I'm doing a detailed analysis of a joule thief circuit as an exercise in my independent study of switching converters. I'm finding it a terrific "lab" exercise as I'm starting out because the circuit's simplicity (5 nodes total) limits the possible interactions, making for an accessible "on-ramp" to the learning curve. I've been really happy with the number of basic behaviors I've been able to get clear in my head as I've simulated it and observed its operating waveforms on the bench with my scope.
I decided I wanted to derive a set of formulas to describe the basic characteristics of the circuit, things like the duty cycle (D, D'), frequency/period, etc.
I have an expression for D, but I'm stuck on how to approach an expression for D'.
The circuit looks like this:
I started with \$I_C\$ (collector current), because that determines \$D\$:
During the on stroke:
\begin{align}
I_B & = \frac{V_R – V_{BE}}{R} \approx \frac{2 \cdot V_{in} – 0.7}{R} = \frac{1.3}{1000} = 1.3\,\mathrm{mA} \\
\\
\frac{dI_C}{dt} & = \frac{V_L}{L} = \frac{V_{in}-V_{CE}}{L} \approx \frac{0.9}{0.0003} = 3000\,\mathrm{A/s} \\
\\
I_{Cmax} & = \beta I_B \approx 150 \cdot 1.3 = 195\,\mathrm{mA} \\
\\
I_{Cmax} & = \frac{dI_C}{dt} \cdot D \\
D & = \frac{I_{Cmax}}{\frac{dI_C}{dt}} \approx \frac{0.195}{3000} = 65\,\mathrm{\mu s}
\end{align}
So far this corresponds to the simulation surprisingly well.
However the discharge of L through the LED is non-linear in both voltage and current and I need a little help setting up the equation:
Here's what I know:
- \$I_D\$ starts at \$I_{Cmax}\$ and ends at zero.

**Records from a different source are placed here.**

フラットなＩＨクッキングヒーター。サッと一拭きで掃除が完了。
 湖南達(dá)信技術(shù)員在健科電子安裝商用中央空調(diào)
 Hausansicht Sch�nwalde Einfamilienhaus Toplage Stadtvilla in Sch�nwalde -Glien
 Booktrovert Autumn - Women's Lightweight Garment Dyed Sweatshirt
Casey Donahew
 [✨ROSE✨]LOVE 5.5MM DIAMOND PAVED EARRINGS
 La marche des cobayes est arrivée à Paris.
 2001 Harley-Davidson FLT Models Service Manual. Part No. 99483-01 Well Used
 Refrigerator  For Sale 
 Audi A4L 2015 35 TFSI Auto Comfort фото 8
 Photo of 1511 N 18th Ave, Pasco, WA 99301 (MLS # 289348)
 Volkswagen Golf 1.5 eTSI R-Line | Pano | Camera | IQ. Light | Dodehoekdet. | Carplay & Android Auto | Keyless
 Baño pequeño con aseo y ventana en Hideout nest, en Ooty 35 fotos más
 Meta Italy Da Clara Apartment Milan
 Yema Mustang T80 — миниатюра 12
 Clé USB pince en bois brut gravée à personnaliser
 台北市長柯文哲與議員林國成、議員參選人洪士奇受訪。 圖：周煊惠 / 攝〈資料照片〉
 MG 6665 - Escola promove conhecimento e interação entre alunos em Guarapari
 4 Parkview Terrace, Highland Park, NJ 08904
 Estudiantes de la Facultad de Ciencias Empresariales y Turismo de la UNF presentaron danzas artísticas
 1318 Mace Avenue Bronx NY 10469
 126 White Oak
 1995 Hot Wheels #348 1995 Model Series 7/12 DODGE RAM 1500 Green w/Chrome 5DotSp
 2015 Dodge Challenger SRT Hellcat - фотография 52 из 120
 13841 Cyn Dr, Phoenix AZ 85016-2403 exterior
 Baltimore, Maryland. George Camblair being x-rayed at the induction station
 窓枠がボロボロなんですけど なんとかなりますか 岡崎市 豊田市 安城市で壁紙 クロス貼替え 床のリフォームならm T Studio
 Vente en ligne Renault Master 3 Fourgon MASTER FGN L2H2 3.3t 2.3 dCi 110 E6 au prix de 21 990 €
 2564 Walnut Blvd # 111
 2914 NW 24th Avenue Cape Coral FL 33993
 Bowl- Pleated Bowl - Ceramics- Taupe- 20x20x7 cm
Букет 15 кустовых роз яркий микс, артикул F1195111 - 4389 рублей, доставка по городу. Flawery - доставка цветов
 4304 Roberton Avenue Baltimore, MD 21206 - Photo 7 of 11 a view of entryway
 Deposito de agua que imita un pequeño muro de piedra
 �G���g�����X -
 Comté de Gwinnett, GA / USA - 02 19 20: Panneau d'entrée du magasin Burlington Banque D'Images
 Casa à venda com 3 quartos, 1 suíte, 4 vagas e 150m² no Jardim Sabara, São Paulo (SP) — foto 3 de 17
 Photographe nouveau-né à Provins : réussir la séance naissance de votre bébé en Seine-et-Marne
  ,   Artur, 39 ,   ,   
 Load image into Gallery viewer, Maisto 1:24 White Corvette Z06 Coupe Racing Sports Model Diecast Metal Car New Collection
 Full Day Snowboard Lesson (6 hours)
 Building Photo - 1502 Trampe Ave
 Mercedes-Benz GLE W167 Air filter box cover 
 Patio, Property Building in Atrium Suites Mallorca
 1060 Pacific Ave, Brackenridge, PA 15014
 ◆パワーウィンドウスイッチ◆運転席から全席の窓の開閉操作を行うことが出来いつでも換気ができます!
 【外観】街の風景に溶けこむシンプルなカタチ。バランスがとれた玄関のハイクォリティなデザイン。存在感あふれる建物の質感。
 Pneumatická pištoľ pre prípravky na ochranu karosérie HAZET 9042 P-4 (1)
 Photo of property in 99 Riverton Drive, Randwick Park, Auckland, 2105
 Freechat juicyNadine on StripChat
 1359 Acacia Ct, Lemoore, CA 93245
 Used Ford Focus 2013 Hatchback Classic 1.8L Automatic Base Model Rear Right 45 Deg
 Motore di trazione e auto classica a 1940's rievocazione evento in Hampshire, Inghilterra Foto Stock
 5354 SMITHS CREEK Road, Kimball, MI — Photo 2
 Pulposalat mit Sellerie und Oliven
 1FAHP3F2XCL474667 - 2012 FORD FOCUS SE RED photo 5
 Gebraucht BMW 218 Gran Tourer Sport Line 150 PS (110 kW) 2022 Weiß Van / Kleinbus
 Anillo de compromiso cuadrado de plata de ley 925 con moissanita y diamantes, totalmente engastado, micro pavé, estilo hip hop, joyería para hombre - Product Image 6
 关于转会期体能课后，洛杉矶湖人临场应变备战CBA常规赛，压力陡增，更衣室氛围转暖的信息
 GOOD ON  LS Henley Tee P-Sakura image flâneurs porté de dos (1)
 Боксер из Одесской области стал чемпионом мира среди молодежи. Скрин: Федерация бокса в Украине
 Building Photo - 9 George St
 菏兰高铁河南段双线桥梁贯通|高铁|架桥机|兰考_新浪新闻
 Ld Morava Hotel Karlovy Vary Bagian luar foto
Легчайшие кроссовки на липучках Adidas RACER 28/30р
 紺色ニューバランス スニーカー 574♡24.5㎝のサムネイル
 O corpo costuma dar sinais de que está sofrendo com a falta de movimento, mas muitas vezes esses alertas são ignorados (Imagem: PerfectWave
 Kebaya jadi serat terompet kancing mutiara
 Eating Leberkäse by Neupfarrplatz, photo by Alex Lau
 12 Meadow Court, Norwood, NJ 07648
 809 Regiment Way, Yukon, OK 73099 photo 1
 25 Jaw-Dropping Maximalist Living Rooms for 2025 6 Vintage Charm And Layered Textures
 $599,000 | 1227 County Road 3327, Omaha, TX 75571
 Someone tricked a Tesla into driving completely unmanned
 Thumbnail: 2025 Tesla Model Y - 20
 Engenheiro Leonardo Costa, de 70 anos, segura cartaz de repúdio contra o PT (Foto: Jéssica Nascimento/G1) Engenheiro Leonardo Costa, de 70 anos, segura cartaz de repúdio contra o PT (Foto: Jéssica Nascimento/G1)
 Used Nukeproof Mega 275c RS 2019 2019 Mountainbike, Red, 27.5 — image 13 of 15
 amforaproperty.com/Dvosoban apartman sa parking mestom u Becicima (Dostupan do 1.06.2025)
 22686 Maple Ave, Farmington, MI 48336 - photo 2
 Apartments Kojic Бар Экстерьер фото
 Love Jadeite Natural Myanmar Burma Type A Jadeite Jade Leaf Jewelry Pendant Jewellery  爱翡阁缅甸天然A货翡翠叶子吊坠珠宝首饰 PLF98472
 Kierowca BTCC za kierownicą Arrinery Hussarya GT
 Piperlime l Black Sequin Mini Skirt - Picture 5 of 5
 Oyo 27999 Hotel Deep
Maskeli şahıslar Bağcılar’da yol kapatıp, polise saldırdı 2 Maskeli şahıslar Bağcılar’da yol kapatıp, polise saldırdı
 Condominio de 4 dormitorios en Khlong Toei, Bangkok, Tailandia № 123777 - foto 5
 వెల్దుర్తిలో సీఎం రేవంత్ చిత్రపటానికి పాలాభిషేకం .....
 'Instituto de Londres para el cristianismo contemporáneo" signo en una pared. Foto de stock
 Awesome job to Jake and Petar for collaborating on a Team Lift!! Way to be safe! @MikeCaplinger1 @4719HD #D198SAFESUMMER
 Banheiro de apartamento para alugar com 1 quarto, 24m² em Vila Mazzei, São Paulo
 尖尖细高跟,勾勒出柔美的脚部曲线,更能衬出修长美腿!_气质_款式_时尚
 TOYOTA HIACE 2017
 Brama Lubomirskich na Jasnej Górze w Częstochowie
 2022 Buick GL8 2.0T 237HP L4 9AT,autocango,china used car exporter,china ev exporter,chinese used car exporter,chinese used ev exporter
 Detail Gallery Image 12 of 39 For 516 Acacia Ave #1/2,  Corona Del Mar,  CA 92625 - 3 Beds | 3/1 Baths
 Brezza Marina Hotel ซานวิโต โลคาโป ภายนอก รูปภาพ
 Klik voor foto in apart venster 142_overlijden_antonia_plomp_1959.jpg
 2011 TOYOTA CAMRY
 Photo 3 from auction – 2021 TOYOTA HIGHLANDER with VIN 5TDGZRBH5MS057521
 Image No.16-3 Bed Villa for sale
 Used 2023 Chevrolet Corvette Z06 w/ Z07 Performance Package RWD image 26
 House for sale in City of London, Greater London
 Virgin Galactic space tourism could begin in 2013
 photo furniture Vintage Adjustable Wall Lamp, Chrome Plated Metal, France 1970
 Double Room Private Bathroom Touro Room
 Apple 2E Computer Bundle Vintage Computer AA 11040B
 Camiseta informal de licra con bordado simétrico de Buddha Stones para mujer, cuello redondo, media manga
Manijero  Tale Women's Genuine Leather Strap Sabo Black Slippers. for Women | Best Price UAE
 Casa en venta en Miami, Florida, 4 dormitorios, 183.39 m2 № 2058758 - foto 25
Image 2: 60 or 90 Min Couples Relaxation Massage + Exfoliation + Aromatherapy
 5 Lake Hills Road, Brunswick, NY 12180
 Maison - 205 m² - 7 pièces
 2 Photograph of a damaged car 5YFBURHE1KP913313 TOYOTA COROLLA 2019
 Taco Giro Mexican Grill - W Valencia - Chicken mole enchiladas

- \$I_D\$ = \$I_L\$ during this period because the transistor is off. So I'm sure \$V_L = L\frac{dI}{dt}\$ holds and \$V_C = V_{in} + V_L\$.
- The right answer is \$D' \approx 17 \mathrm{\mu s}\$.
- My qualitative hypothesis is that at each moment, L and the LED reach an equilibrium between the slope of current decrease and \$V_L\$, somehow tracing out the forward V-I characteristic of the LED in the process. I do notice that the decline in \$V_L\$ looks awfully linear for most of D'.
Anyway, I was wondering if any headway was possible on this, perhaps by way of a differential equation or a clever approximation. Without D' I can't get T which means I can't get the oscillation frequency (by this approach anyway).
Can anyone offer insight into how I might proceed?
Best Answer
Doh! So that's what that bit on Volt-second balance was I read last week!
Alright, well, the clever approximation I was looking for turns out to be well-known, of course, and essentially rests on a balance of energy argument.
So here's what the derivation of an expression for \$D'T_s\$ looks like.
The general principle used is what's called inductor volt-second balance, which basically derives from the fact that the energy discharged from an inductor each switching cycle equals the energy stored in it during that cycle. This relies on the converter being in steady state, which holds here. The converter operates in Boundary Conduction Mode (BCM) and the inductor current (and therefore energy) is zero at the beginning of the on-stroke and returns there at the end of the off-stroke.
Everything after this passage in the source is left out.